Compile Your First Model

This walkthrough takes a ResNet-50 ONNX model through the Model Compiler Post-Training Quantization (PTQ) workflow. The result is a compiled .tar.gz MPK archive for the Neat runtime.

The workflow has four stages:

Load the model.
Quantize it to int8 (or bf16).
Validate its accuracy.
Compile it for execution on the MLSoC.

Prerequisites

sima-cli installed (see the sima-cli setup guide).
Model Compiler installed in the Neat SDK or on an Ubuntu host. Enter the environment with:

activate-model-compiler

Get the example

On the Neat SDK or Ubuntu host where Model Compiler is installed, install the ResNet-50 demo with sima-cli. The demo includes the ONNX model, calibration images, ImageNet labels, and a ready-to-run virtual environment:

sima-cli install assets/demos/compile-resnet50-model

Activate the environment and run the example:

source ptq-example/.env/bin/activate
cd ptq-example/src/modelsdk_quantize_model
python3 resnet50_quant.py --boardtype modalix   # or: mlsoc

The run should classify a Golden Retriever as ImageNet class 207 and produce a compiled archive:

***** Test Inference on a Golden Retriever (Class 207) *****
[5] --> 207: 'golden retriever' -> 98.82%

***** Compiling Model for MODALIX *****
***** Compiled Model at .../models/compiled_resnet50 *****
quantized_resnet50_mpk.tar.gz

Use the resulting .tar.gz with mpk project create to create an MPK project, or import it into Edgematic to build an application.

The following sections explain each stage. The full script appears at the end. MLA tessellation is enabled by default, so the compiled model feeds the accelerator directly. See Compilation > Tessellation.

How it works

1. Load the model

Load the ONNX ResNet-50 model into the SDK's internal representation.

from afe.apis.loaded_net import load_model
from afe.apis.defines import gen1_target, gen2_target
from afe.load.importers.general_importer import onnx_source
from afe.ir.tensor_type import ScalarType

MODEL_PATH = "resnet50.onnx"
TARGET = gen2_target  # gen2_target = Modalix, gen1_target = MLSoC (Davinci)

# Model information
input_name, input_shape, input_type = ("input", (1, 3, 224, 224), ScalarType.float32)
input_shapes_dict = {input_name: input_shape}
input_types_dict = {input_name: input_type}

# Load the ONNX model
importer_params = onnx_source(str(MODEL_PATH), input_shapes_dict, input_types_dict)
loaded_net = load_model(importer_params, target=TARGET)

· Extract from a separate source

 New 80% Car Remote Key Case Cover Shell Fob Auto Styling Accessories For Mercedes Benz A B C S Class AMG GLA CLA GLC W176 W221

The input tensor "input" has shape (1, 3, 224, 224) — batch size one, three color channels, 224×224 pixels — and type float32. onnx_source describes how to read the model (the ONNX file itself is unchanged); load_model converts it into a LoadedNet ready for quantization. TARGET selects the platform: gen1_target for MLSoC, gen2_target for Modalix.

2. Prepare a calibration dataset

Quantization needs a small, representative calibration dataset. The dataset sets scaling factors that map FP32 values into the integer range while avoiding excessive clipping or precision loss.

from sima_utils.data.data_generator import DataGenerator

MODEL_INPUT_NAME = "input"

def preprocess(image, input_shape=(224, 224)):
    """Resize to 224x224, scale to [0,1], and normalize with ImageNet stats."""
    mean = [0.485, 0.456, 0.406]
    stddev = [0.229, 0.224, 0.225]
    image = cv2.resize(image, input_shape)
    image = image / 255.0
    image = (image - mean) / stddev
    return image

# Build a DataGenerator from your calibration images and map the preprocessing.
images_generator = DataGenerator({MODEL_INPUT_NAME: calibration_images})
images_generator.map({MODEL_INPUT_NAME: preprocess})

Use representative images from the same input distribution as your deployment workload.

3. Quantize

After you load the model and prepare calibration data, quantize to INT8:

from afe.apis.defines import QuantizationParams, quantization_scheme, CalibrationMethod
from afe.core.utils import convert_data_generator_to_iterable

quant_configs = QuantizationParams(
    calibration_method=CalibrationMethod.from_str('mse'),
    activation_quantization_scheme=quantization_scheme(
        asymmetric=True, per_channel=False, bits=8),
    weight_quantization_scheme=quantization_scheme(
        asymmetric=False, per_channel=True, bits=8),
)

sdk_net = loaded_net.quantize(
    convert_data_generator_to_iterable(images_generator),
    quant_configs,
    model_name="quantized_resnet50",
    arm_only=False,
)

This example uses 8-bit asymmetric per-tensor quantization for activations and 8-bit symmetric per-channel quantization for weights. For BF16 and calibration options, see Quantization.

4. Validate accuracy

Before you compile, run the quantized model in software with sdk_net.execute(...) and confirm that it still classifies correctly:

import numpy as np

def postprocess_output(output: np.ndarray):
    probabilities = output[0][0]
    max_idx = np.argmax(probabilities)
    return max_idx, probabilities[max_idx]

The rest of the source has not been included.